Nachtflüge : Vertrauen in Herrn Platzeck - unmöglich !

  • Das Bundesverwaltungsgericht Leipzig hat am 13.10.2011 ein Urteil gesprochen : ein Urteil, das von vielen Bürgern falsch verstanden und von vielen Politikern bewusst falsch ausgelegt wird. Es geht um das Nachtflugverbot. Ein solches Verbot kann von der jeweiligen Landesregierung ausgesprochen werden. Die Landesregierung ist dabei gesetzlich aufgefordert, besondere Rücksicht auf die Nachtruhe der Bevölkerung zu nehmen. Ein genaues Ermessen dieser Rücksicht liegt bei der Landesregierung.
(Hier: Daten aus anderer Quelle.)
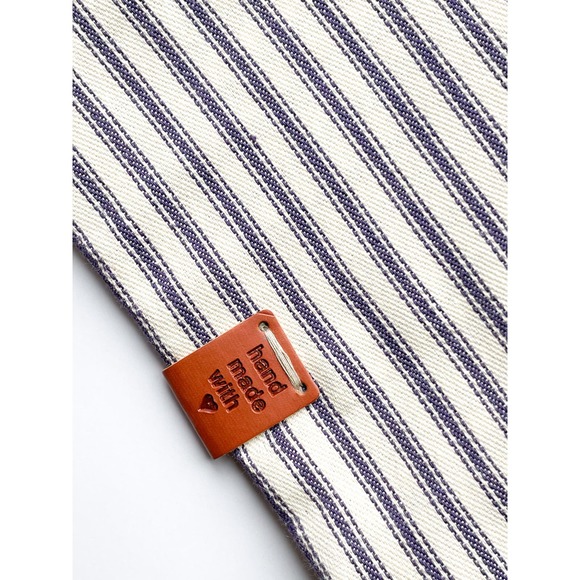 Blue Stripes Dog Bandana: The Perfect Accessory for Your Dog! Premium - Handmade - Picture 4 of 10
Die Brandenburger Regierung hält es für angemessen, 103 Nachtflüge von Schönefeld aus in den Zeiten von 22-0 Uhr und 5-6 Uhr zuzulassen – und damit eben kein Verbot von Flügen von 22-6 Uhr auszusprechen. So viel zum Thema Rücksicht auf die Bevölkerung. Danke, Herr Platzeck. Die Airlines fordern darüber hinaus noch weitere Flüge – und wie schnell man dem zustimmt haben wir gesehen, als kürzlich auf Betreiben der Airlines die uns betreffenden direkten Überflüge über Großbeeren von ursprünglich 48 auf 83 angehoben wurden. Eine Steigerung um mehr als 70%. Weil die Airlines dies so wünschen.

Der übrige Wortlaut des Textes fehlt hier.